All throughputs < 50% indicates a latency limited kernel. The Memory Table can help by stating number of sectors per request. As n increases the number of sectors per request will increase resulting in much higher latency.
There are a few private metrics in the GPU Compute Memory Access Throughput Internal Activity. I believe the limiter is the LTS input interface. Each LDG request is 1 cycle. If the LDG instruction is not coalesced due to larger n then it will be broken up into multiple requests. The STG are consecutive so if tmp and y are 128-byte aligned then there should be 1 request for 4 sectors which at LTS is 4 cycles. There are 2.5-3 loads per store. The compiler which can be reduced to 2 loads per store.
As you noted adding restrict and const will greatly change the optimizations that can be performed by the compiler.

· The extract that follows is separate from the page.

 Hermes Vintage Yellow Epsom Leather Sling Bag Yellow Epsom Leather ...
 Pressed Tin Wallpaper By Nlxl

Additionally, I would like to confirm my understanding:
LTS is capable of handling a cache line per cycle (uncoalesced takes 4 cycles because the 4 sectors scatters in 4 different cache lines).
Is this correct?
process 1 32B sector for write per cycle from a client
return 1-2 32B sectors per cycles; depends on the GPU architecture
You are correct that if the warp instruction in uncoalesced resulting in loading/storing to 4 cachelines then the limiter will be the tag lookup. The next limiters to reviews if there is some coalescing is the write throught and read return throughput.